All games at this past Rugby World Cup were played between 12:00 and 20:00 (8:00 PM) in England. Assuming that’s the case for the 2019 World Cup, that means that games would be played between 10:00 PM and 6:00 AM, with the latest possible game ending at 8:00 in the morning EST. Here’s an NBC schedule from that time span for Tuesday, November 3. At 10:00 is an episode of Blindspot, followed by the news and then The Tonight Show Starring Jimmy Fallon. After Jimmy Fallon’s show, you’ve got Late Night with Seth Meyers and Last Call With Carson Daly. I’m not saying to take the late night comedians off, because they get ratings (I’ve never seen Carson Daly’s show, but Jimmy Fallon and Seth Meyers are hysterical). After Carson Daly, though, it’s re-runs from 2:00-4:00, starting with The Meredith Vieira Show and Steve Harvey. At 4:00 in the morning begins the first news program of the new day, but there’s a two-hour time slot where you’ve got re-runs. If you start a game at 2:00 in the morning in America, it would be a 4:00 PM start in Japan (16:00). Obviously, they won’t schedule the tournament around America, but a 16:00 start is highly reasonable. Any game with a 16:00 start can easily be shown live on NBC.
For weekend games, the schedule clears up considerably. Let’s take the Saturday-Sunday overnight stretch. Obviously, Saturday Night Live is staying (and it’s gotten considerably funnier this season compared to previous years, although I still think that the next episode with Donald Trump will be a disaster). You’re not bumping SNL for a rugby match between Tonga and Namibia. However, after SNL, you could easily lead in with a live sporting event, because the rest of the events are just paid programming. After this Saturday’s edition of Saturday Night Live, here is what is being aired on NBC: Rizzoli & Isles, 1st Look, OpenHouse NYC, Make $$ in Real Estate Locally, Hiring America, paid programming, US Doctors TV: America’s Joint Doctor Reveals Joint Relief Secrets, and paid programming. From 1:00-6:00 (because 6:00 starts the news), you’ve got absolutely nothing. Any game that starts between 13:00-18:00 (or even 19:00, and you can bump the news to a 7:00 AM start) in Japan can be shown on the main network, NBC. There’s no reason why this can’t be done. Again, rugby isn’t a huge sport in America right now, but I can guarantee you that any Rugby World Cup match will get more ratings than US Doctors TV: America’s Joint Doctor Reveals Joint Relief Secrets. A live sporting event versus a paid programming ad sounds like a no-brainer, both in terms of what will draw higher ratings and what more people will want to see. More people would rather see the sporting version of real people, real results than the advertising version of real people, real results, if you know what I mean.

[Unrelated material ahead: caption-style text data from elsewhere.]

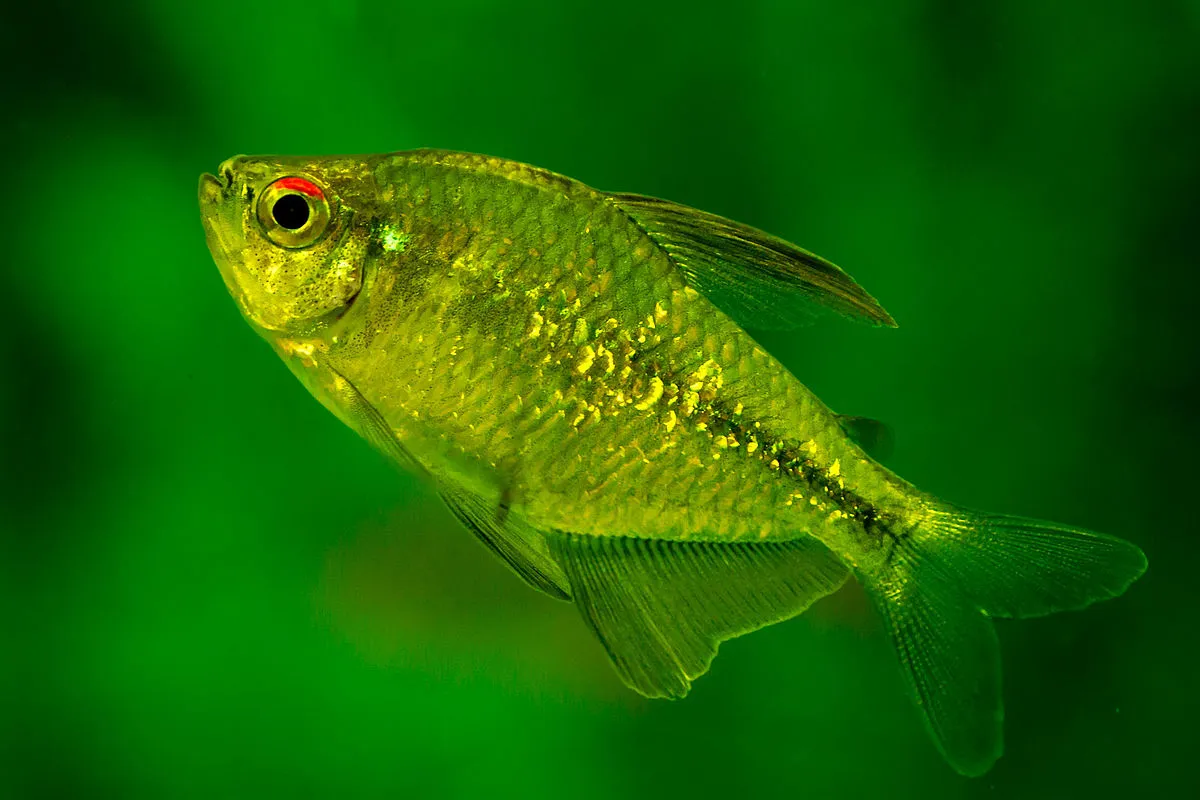 A vibrant green Diamond Tetra with shimmering scales and a distinct red eye against a dark green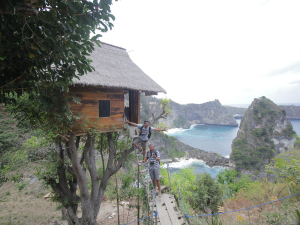 tree House 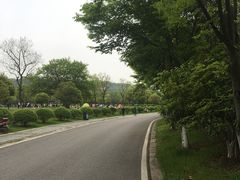 -南京市江宁方山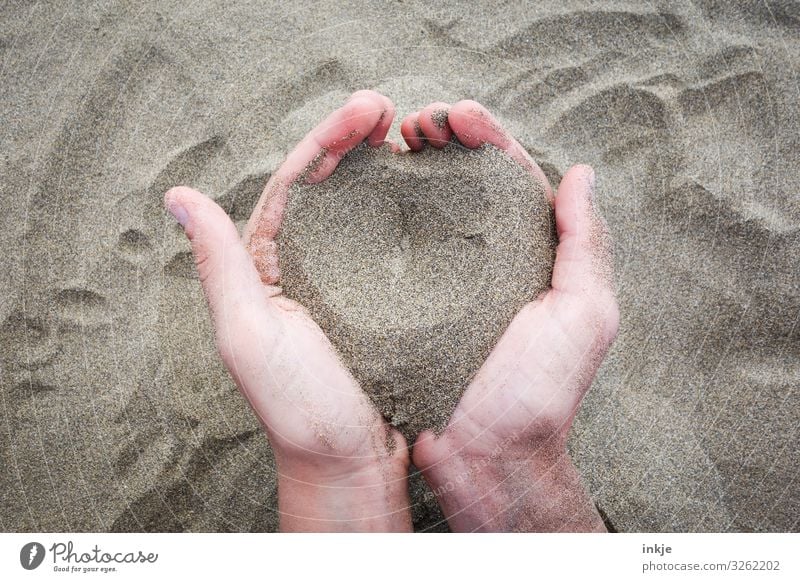 Sandherz Lifestyle Sinnesorgane Erholung ruhig Freizeit & Hobby Spielen Ferien & Urlaub & Reisen Strand Hand Handfläche 1 Mensch Herz festhalten einfach braun
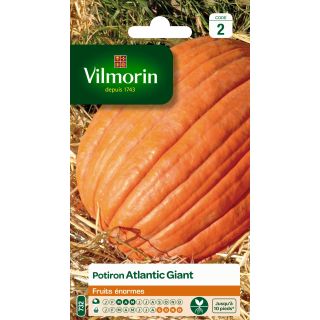 Pumpkin Atlantic Giant - Vilmorin Seeds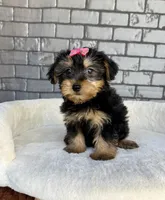 Baby, a female Yorkshire Terrier for sale in Orlando, FL – Photo 6 of 6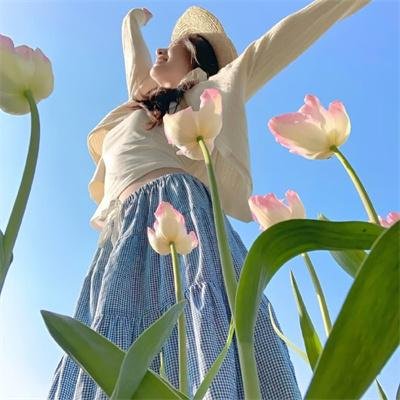 贞观盛事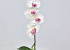 Orchidée Papillon 50cm Blanc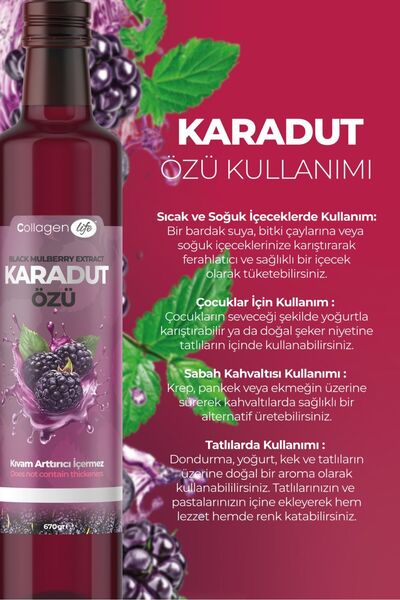COLLAGEN LIFE Karadut Özü Black Mulberry Extract 670g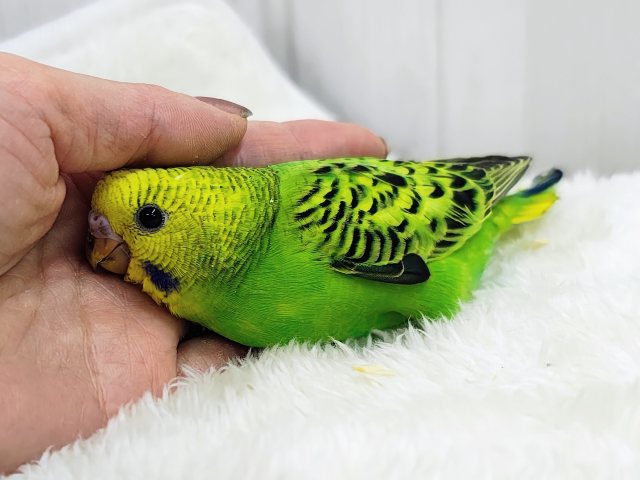 あれれ?ベタなれまっしぐら?✨セキセイインコのヒナ(グリーンオパーリン)入荷しました❤️ セキセイインコ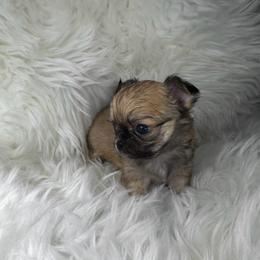 Sable Long Coat Boy - Black sabled fawn male Chihuahua puppy in Fargo, North Dakota from Wild Prairie Chihuahuas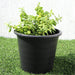 Afra Greensouq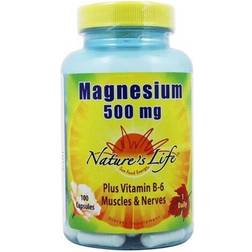 Nature's Life Magnesium 500 mg 100 Capsules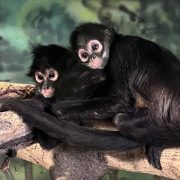 Two young spider monkeys sitting together on a branch, the smaller one leaning against the larger, in an indoor habitat at Hogle Zoo.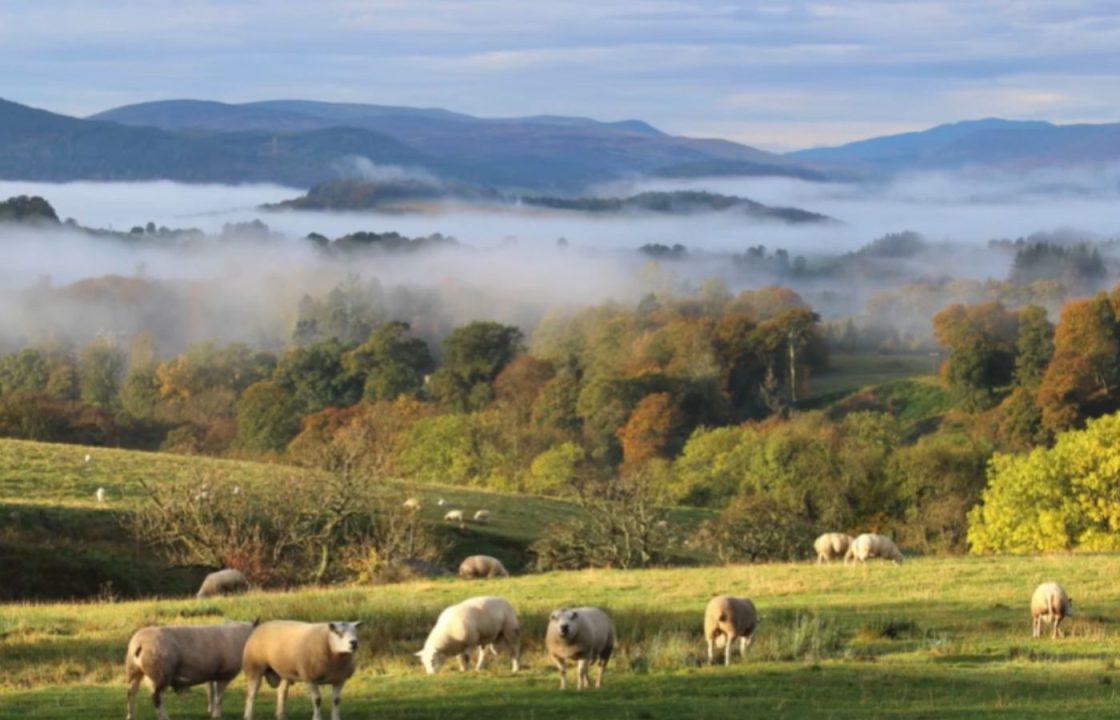 Perthshire farm uses social media in hunt for new shepherd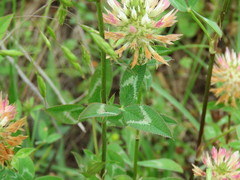 Trifolium vesiculosum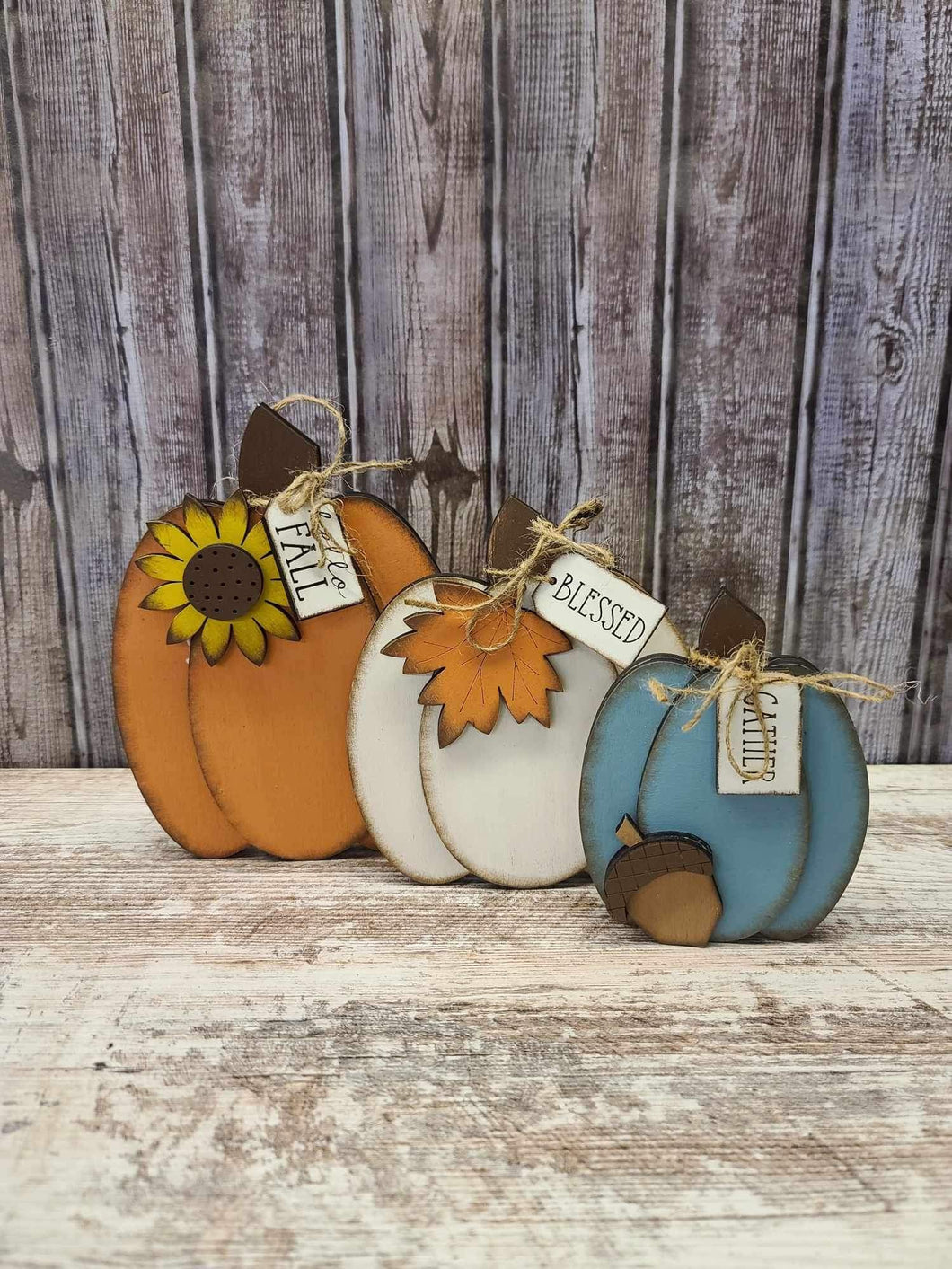 Pumpkin trio (orange, cream and teal)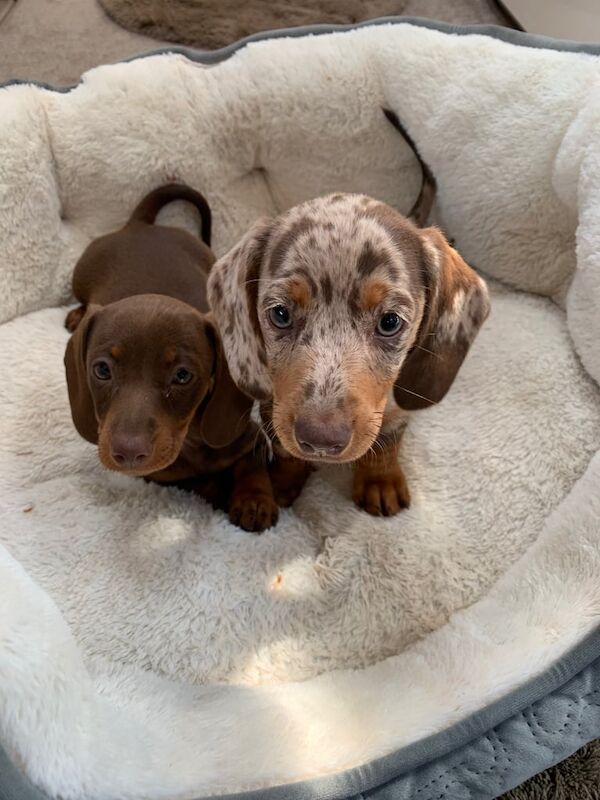 Miniature dashounds pups for sale in Aberdeen, City of Aberdeen | Image 2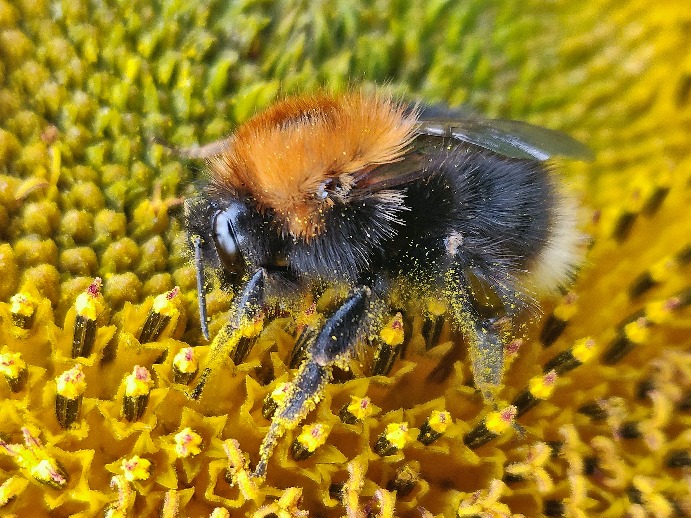 Pollen-Bienen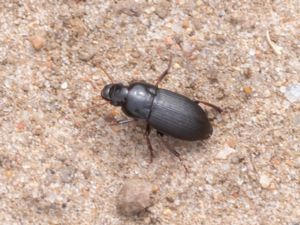 Harpalus rufipes - Åkerfrölöpare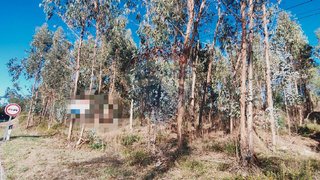 Terreno em Condeixa-a-Nova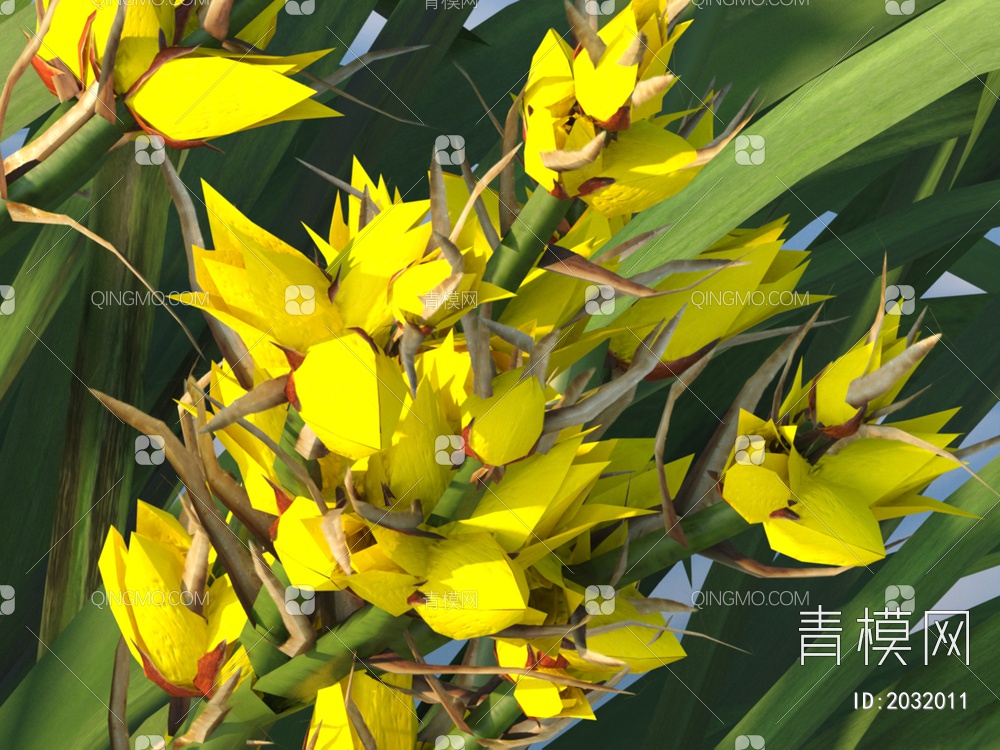 花卉  多须草 植物 灌木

Rugby isn’t at the point where they can bump other things for their events. You take what you can get. Rugby isn’t bumping out a late night show like, let’s say, football or even soccer could. However, it can bump out paid programming; playing at this time, even though it is incredibly inconvenient for Americans (and these next few years, with the 2018 and 2022 World Cups in Asia (if you consider Russia to be part of Asia), the 2019 FIBA World Cup, the 2019 Rugby World Cup, and the 2018, 2020 and 2022 Olympics, are going to be inconvenient, as all of those events will be in Asia), is actually good for a network like NBC, because it gives an avenue to televise the games with no competition.
Keep in mind, that’s just on NBC. There’s also NBC Sports Network; it’s not a channel that everyone gets (NBC is a channel that doesn’t require a cable subscription), but it’s a channel that if you have cable, you likely have it. The Premier League airs tons of games on that channel, and if NBC decides to go all-out with the Rugby World Cup, they could do the same as well. Remember that games are airing between 10:00 PM and 6:00 AM, assuming recent trends hold. For the Monday-Tuesday overnight shift in that timeslot, here’s what’s on television: Battle of the Bluegrass Pulling Series, Premier League World, The Men in Blazers Show, Premier League Manchester Mondays, The Men in Blazers Show, World of Adventure Sports, some sort of country music programming titled Johnny Cash, Hank Williams & George Jones, Hee Haw, some sort of love song programming titled John Denver, Louis Armstrong & Nat King Cole, paid programming, and Try Total Gym for $14.95. You’re not bumping Jimmy Fallon for rugby… but you can easily bump a country music program on a sports network for, you know, an actual sporting event. There are some days where NBC Sports Network has hockey games that air until 11:00, but clearly, unless that’s going on, there’s nothing else happening. Rugby can easily overtake that.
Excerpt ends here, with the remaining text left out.